PDFtk
January 29, 2017 at 12:35 PM by Dr. Drang
Although there are several good GUI applications for working with PDFs on the Mac (including the built-in Preview until the recent unpleasantness), sometimes a command-line tool is just more efficient. For years, I’ve been using PDFtk Server. Despite its name, there’s no networking aspect to it—it’s just a regular command-line program.
Unfortunately, the “Mac OS X” version of PDFtk Server you can download straight from the PDFtk site stopped working recently. Based on this thread at Stack Overflow, I don’t think the problem is associated with Sierra’s buggy PDF framework. It doesn’t ruin your PDFs, it just sits there after you invoke it and doesn’t do anything at all.

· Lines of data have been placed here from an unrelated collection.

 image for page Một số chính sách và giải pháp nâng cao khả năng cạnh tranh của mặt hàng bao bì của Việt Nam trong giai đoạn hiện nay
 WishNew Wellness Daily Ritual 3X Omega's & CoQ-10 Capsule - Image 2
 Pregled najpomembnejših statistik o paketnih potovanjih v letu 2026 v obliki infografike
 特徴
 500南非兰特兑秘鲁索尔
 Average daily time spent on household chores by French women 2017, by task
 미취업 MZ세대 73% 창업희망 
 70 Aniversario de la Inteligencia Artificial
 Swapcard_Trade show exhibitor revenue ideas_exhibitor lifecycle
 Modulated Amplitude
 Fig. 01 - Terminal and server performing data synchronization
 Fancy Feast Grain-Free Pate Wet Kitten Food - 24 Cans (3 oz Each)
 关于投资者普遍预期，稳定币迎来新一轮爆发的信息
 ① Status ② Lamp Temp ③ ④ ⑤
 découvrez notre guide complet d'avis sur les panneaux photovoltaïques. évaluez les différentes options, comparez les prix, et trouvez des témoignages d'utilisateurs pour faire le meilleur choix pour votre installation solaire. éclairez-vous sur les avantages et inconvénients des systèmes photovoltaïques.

But if you use Homebrew, there is a solution, and its given by obh’s contribution to that Stack Overflow thread. This Homebrew formula on GitHub for building PDFtk Server installs a version that works in Sierra. The instructions on GitHub don’t work for me, but obh’s do:
brew install https://raw.githubusercontent.com/turforlag/homebrew-cervezas/master/pdftk.rb
With that out of the way, here’s a problem I ran into recently that PDFtk solved quickly. I was given a very large PDF, over a thousand pages, that had photographs and test results for samples of material taken from dozens of buildings. The PDF pages were in a logical order inasmuch as all the photos and results for a particular building were on consecutive pages, but the file was so large that it bogged down my computer whenever I opened it to review the data.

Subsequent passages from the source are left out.